Appreciating this economic angst brings us one step closer to comprehending the admiration that the Chinese Internet generation feels for Hitler: they crave a strong leader to lift them out of their economic woes. But aren't there other strong leaders in history to choose from? Why not choose a leader whose reputation is unsullied by the stains of aggression? At this point, nobody really knows. While it's not clear why they have chosen Hitler as their rallying cry, what is certain is that this affinity for Hitler will have a detrimental impact on China's ambition of foreign relations.
The most immediate impact of the Hitler phenomenon will be felt in Japan. For decades, the Chinese government has demanded that Tokyo revise its high school history curriculum in order to reflect the full horrors that the Japanese military visited upon Nanjing during World War II.
This demand has been one of the largest and most persistent friction points in Sino-Japanese relations. If it turns out that China's own history curriculum lacks adequate coverage of the horrors that the German military inflicted upon European Jewry, the Chinese government will lose the moral high ground and appear completely disingenuous in its relations with Tokyo.

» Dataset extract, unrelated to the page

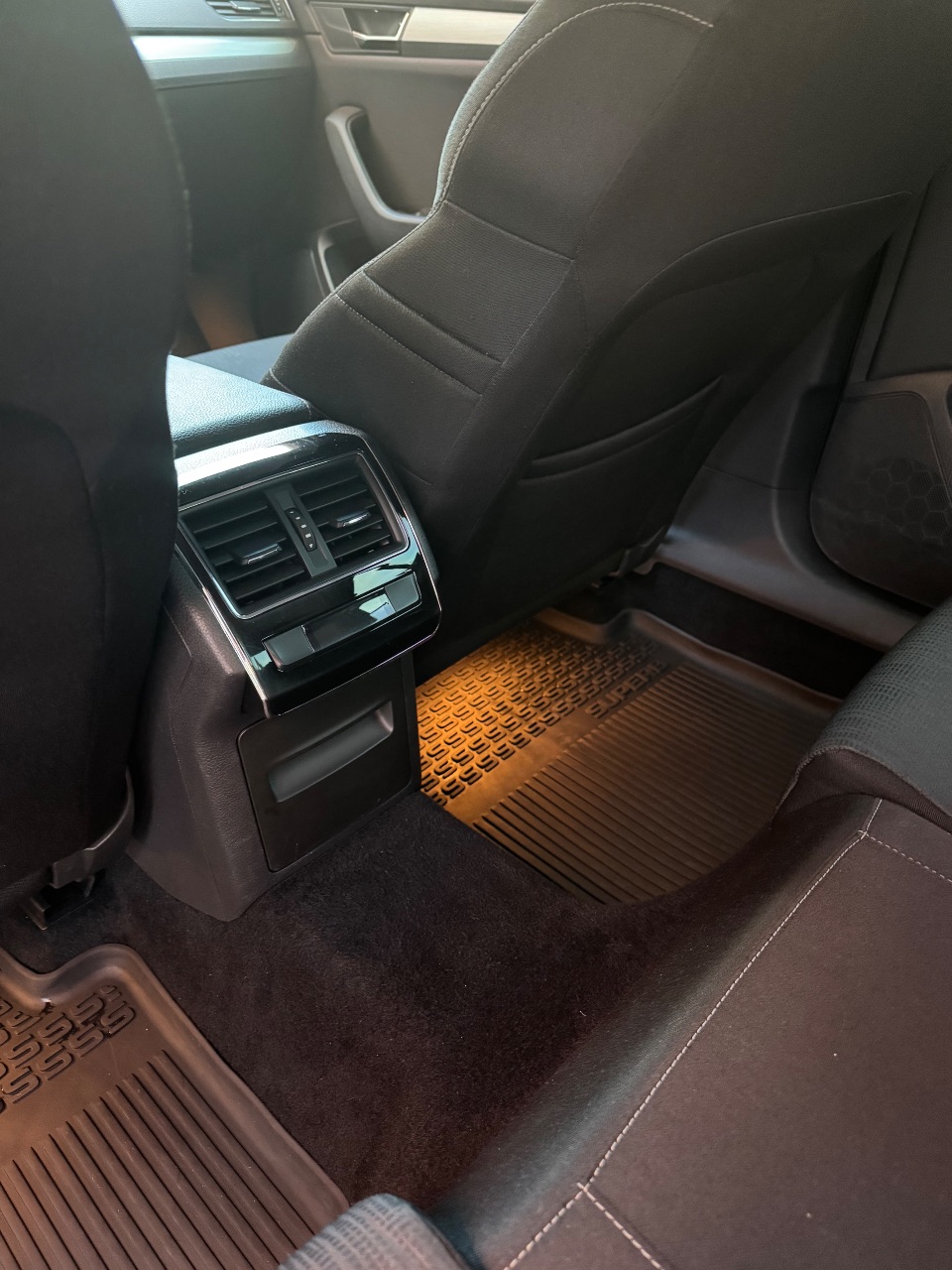 Skoda Superb - фото 18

The Hitler phenomenon will also have a negative impact on China's relations with its continental neighbors. Countries like India and Vietnam are already concerned about Beijing's military buildup, which has seen double-digit increases for each of the past five years.
When they discover that the most popular personality among young Chinese is a man best known for expansionism, their sense of suspicion will flare, and they will invest a greater share of societal resources in preparing for confrontation. This response may have a paradoxical effect of further stoking the flames of Chinese nationalism and increasing tensions around the borders.
The most consequential effect of the Hitler phenomenon, however, will undoubtedly be felt on China's relationship with Washington. The Chinese foreign policy establishment expends considerable resources in Washington to promote the idea of "China's peaceful rise", a form of exceptionalism which holds that China's rise to power will be free of armed conflict.
Due to the overwhelming weight of historical authority against it, the peaceful rise theory has gained only limited traction inside the beltway. But when the engineers of America's foreign policy discover that young Chinese idolize the most famous aggressor in history, the peaceful rise theory will lose all credibility, and those who seek to paint China as a threat to American interests will be emboldened.
Immediate action must be taken to educate Chinese youth on the truth about World War II and show them how critically history has judged the rule of Hitler.
As a first step, Kaixin should remove the inflammatory post and issue a public correction of facts. Just as Facebook ultimately realized that it had a public security duty to remove a page calling for the "third intifada",  so too Kaixin must realize that as one of the largest media outlets in China, it cannot tolerate expressions of support for proponents of aggression.
Second, the Chinese Ministry of Education should conduct a thorough review of the history curriculum taught in Chinese high schools in order to make sure that its treatment of World War II is in line with international academic standards.
Finally, relevant Jewish organizations, from the Israeli Ministry of Foreign Affairs to the United States Holocaust Museum, should engage with Chinese partners, such as the Shanghai Center for Jewish Studies and the Sino-Judaic Institute, to promote Holocaust education and awareness of modern genocide.
Spanish-American philosopher, essayist, poet and novelist George Santayana taught that those who do not learn from history are doomed to repeat it. The only thing more lamentable than repeating history because we failed to learn from our mistakes would be repeating history because others failed to learn from them.